The meeting then moved toward the Implementation Coordinator report from Dee Metz. The county executive sent the CIP budget for approval on January 15th. As we have discussed in past posts, there are many proposed projects for White Flint in the CIP budget. These include the Western Workaround, District East (planning and construction), District West, Chapman Extended, and the North Bethesda Recreation Center. Questions from the public focused on the Western Workaround, one of the most important projects for White Flint. One question focused on the construction of the relocation of Executive Blvd in front of the North Bethesda Conference Center. The construction is funded in the CIP but the purchase of the land is not funded under the CIP budget. One of the funding sources is the White Flint Special Taxing District tax revenues but it may not be enough funding. The revenue will increase as the redevelopment moves forward, but it cannot move forward without the existence of roads. The county is working with the private landowner to secure the land that will be part of this project. In addition, we learned that the County Executive has discussed borrowing either $45 million or $77 million in revenue bonds.  If the county decides to borrow this money, they will not be able to pay it back until 2037. With the revenue bonds, the county needs to show a stream of income in order to secure the bond, which possess another problem.

There were two main sentiments that came out of the committee meeting that are important to remember throughout this redevelopment process that I will highlight.

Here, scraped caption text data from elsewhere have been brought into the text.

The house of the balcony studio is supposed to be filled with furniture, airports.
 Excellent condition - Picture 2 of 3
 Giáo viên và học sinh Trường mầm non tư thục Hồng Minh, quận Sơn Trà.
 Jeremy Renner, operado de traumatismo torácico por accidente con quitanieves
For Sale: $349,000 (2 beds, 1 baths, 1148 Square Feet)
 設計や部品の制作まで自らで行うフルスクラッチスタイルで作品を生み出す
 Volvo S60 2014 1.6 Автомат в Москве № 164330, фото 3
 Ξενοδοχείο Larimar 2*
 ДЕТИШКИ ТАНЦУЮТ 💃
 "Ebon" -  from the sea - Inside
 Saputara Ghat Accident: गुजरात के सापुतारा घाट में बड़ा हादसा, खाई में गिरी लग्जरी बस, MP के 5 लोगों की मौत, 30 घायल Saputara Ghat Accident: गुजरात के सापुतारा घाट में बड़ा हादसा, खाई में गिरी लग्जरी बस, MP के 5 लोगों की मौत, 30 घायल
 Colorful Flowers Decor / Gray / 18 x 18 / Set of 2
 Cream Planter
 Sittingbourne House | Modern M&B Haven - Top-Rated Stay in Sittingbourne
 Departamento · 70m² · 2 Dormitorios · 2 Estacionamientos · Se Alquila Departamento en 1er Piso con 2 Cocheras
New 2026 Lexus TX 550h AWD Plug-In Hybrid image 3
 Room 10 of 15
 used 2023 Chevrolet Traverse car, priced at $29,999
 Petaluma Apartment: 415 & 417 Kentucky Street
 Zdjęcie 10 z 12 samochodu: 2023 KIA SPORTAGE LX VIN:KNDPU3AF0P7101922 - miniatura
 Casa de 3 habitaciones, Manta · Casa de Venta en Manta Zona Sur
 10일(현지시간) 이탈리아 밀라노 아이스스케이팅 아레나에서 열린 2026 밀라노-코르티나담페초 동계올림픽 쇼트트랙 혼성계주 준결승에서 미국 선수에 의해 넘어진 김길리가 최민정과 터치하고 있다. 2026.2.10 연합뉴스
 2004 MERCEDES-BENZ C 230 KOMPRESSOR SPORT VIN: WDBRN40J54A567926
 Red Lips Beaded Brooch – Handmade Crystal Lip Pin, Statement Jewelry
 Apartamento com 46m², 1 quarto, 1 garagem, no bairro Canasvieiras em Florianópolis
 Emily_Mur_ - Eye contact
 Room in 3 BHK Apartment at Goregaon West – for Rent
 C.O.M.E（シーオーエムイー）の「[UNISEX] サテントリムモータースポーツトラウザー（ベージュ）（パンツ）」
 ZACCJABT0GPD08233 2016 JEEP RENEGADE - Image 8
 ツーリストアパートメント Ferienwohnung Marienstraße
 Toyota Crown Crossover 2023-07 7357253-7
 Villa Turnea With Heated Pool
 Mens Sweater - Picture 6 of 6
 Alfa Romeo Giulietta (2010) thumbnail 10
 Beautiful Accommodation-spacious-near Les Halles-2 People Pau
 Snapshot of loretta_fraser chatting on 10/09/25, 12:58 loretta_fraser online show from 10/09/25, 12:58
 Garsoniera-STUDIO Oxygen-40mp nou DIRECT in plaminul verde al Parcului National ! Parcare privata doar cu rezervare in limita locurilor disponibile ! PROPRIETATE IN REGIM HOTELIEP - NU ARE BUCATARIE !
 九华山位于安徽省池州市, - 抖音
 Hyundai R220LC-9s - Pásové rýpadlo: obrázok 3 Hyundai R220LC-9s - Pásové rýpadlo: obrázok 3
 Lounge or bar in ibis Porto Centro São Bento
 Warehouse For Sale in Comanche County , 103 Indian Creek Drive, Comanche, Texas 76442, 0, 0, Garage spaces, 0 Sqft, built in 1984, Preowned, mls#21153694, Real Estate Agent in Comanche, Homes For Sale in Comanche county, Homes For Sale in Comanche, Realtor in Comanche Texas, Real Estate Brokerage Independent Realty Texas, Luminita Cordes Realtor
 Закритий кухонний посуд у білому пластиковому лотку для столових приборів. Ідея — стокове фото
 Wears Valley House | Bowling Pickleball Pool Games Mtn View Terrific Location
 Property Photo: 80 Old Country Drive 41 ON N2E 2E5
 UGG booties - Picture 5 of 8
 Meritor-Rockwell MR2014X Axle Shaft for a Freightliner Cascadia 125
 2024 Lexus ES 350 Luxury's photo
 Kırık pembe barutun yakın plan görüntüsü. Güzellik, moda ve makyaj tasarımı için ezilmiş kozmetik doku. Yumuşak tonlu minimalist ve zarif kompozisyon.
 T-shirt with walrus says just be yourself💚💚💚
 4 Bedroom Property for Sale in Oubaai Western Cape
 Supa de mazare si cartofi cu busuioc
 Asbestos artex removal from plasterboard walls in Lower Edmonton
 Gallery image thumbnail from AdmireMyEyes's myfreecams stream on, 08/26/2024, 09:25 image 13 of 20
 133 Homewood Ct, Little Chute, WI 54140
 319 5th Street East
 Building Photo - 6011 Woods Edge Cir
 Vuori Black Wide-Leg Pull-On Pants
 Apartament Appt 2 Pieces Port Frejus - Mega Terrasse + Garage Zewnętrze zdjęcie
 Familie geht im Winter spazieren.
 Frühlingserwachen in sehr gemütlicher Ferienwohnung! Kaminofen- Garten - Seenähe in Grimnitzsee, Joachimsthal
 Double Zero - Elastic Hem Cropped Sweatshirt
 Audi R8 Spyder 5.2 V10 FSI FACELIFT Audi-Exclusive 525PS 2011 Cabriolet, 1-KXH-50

The first is that the county needs to make Rockville Pike, part of the District West project, their priority for redevelopment in order to bring in other funding sources, such as the state government or even the federal government. If the county does not place the Rockville Pike redevelopment as a priority, then how will the state or the federal government? One of challenges we are faced with the prioritizing the Rockville Pike project is the BRT. The Rockville Pike design cannot be complete without the BRT design. We cannot accelerate one of these projects over the other since the projects go hand in hand. In order to show that the Pike is important, the county can use methods such as a issuing a priority letter focused on the Pike or using the CIP budget to reflect the importance of the Pike.  On a related note, the committee is looking into completing an update Streetscape plan/study for Rockville Pike.

The second highlight or sentiment is that once the Western Workaround project is completed, then other projects may be pushed forward. The Western Workaround was referred to as the “spine” of the Sector plan, so we need to push this project along. Other WF projects have been pushed back for funding to be used for the Western Workaround, so it is evident that this project should continue on. Construction is slotted to begin in 2016 so we look forward to this project and all the White Flint projects to begin.

Rebecca Hertz


Rebecca Hertz is the Assistant Executive Director of Friends of White Flint. She received her Bachelor’s Degree in International Development and Social Change from Clark University, Worcester Massachusetts in 2012. She completed her Master’s Degree from Clark University, as well, in Community Development and Planning in 2013. She is interested in how built environments impact the health and growth of communities. Prior to this role, she worked as a youth worker and mentor for several non-profit organizations in Maryland and Massachusetts. She grew up in Rockville, MD and has recently moved back to the region.